Berlin Alexanderplatz (14 Teile)

BR Deutschland 1979/1980 TV-Spielfilm

Hölle & Söhne

Fassbinders Serie "Berlin Alexanderplatz" an einem Stück: Die Gewalt des Ganzen



Karsten Witte, Frankfurter Rundschau, 18.10.1983

Die ersten, die Einlaß begehrten, waren Reporter, die sich wie Zollbeamte aufführten und von den Zuschauern sich die gefüllten Picknick-Körbe zeigen ließen, als sei die Ausrüstung zu einer Kino-Expedition so bemerkenswert wie die zu einer Gipfelbesteigung in Nepal. Und diese Vorführung, die Fassbinders Fernseh-Serie "Berlin Alexanderplatz" in vierzehn Folgen zu einem Film und: einem Film koppelte, wurde denn auch eine riskante Reise, vielleicht ans Ende der Nacht, bestimmt aber zur Mitte des folgenden Tages.

"Halten Sie durch? Ist Fassbinder diese Tortur wert? Würden Sie wiederkommen?" fragten die Herrschaften mit Mikrofon das Publikum ab, das erstaunt war ob der suggerierten Abwertung seines so augenscheinlichen Interesses und Durchhaltevermögens. Über Nacht war das TAT zum Idealkino geworden. Man erinnere sich: Dort begann einmal das Kommunale Kino, und zu manchen Filmen drückte man die Saaltür ein. Jetzt dienten dort Liegestühle der entspannten wie distanzierten Wahrnehmung, eine ordentlich abkaschierte Leinwand der sauberen Projektion, eine erstklassige Tonanlage der raffinierten Mischung auf Fassbinders Tonspur. Üblich ist, daß Kinos ihre Filme wie Digitalschallplatten einpacken, um sie in Wirklichkeit mit einer alten 78er Nadel abzutasten. Hier verschmolz der Film einmal mit seinem Medium Kino. Das war die Pionierleistung, nach der kein Berichterstatter fragte. Diese Leistung ist möglich und wiederholbar, scheinbar am fachfremden Ort "Theater", das seine Verwandlungskunst noch übt, wo das Kino sich höchstens in Reproduktion seiner Selbstverschrottung übt.
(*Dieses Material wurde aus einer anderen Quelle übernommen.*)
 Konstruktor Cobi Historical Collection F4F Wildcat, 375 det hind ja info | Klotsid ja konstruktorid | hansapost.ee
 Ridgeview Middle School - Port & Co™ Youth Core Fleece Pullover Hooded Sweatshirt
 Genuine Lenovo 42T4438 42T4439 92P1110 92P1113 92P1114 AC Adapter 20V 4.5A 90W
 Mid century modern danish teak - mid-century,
Der gezeigte Film paßt nicht zufällig in diesen Rahmen. Er gibt eine Ahnung vom Ende des Kinos, indem er dem Fernsehen in Form der Serie vormachte, was Kino sein könnte, eine epische Form, nun von prosaischer Kleinform verschlungen. Die vergangene Reise im TAT war auch ein Versuch, einen Zusammenhang herzustellen, der sich der zumutbaren Portionierung für eine lange Nacht entzog, einzig um das Ganze des Films einmal als Zumutung vorzustellen: was es in Wahrheit ist.
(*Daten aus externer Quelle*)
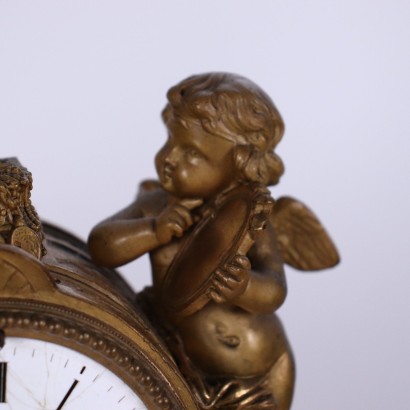 antiquariato, orologio, antiquariato orologio, orologio antico, orologio antico italiano, orologio di antiquariato, orologio neoclassico, orologio del 800, orologio a pendolo, orologio da parete,Orologio da Appoggio
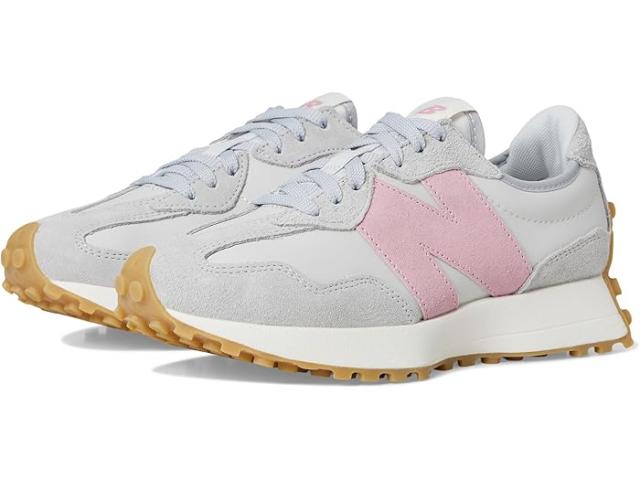 (取寄) ニューバランス クラシックス レディース 327 New Balance Classics women 327 Raincloud/Pink Taffy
"Berlin Alexanderplatz" ist in Fassbinders Vision ein Ort, an dem alle Mythen zusammenfließen, denen zwischen Lorelei und Neuschwanstein keine Nische reserviert ist. Sein Ort ist, ein Umschlagplatz, der Tragik in Pech, Romantik in zärtliche Gewalt und Bewußtsein in asynchrone Gefühle verwandelt. Sein Regisseur ist wie der Held: Transportarbeiter. Wie einer wie Franz Biberkopf an die Schmerzgrenze seiner Wünsche gerät, das sei das Aktuelle an dem Film, sagte im Pausengespräch ein Schüler, dem 1980 die Fernsehausstrahlung zu Haus zu sehen verboten wurde. Auch das erzählt etwas über den sozialen Ort des Kinos. Man muß die Welt sehen können und mit den Füßen zu ihr hingehen, sagte Döblin in seinem Roman "Berlin Alexanderplatz".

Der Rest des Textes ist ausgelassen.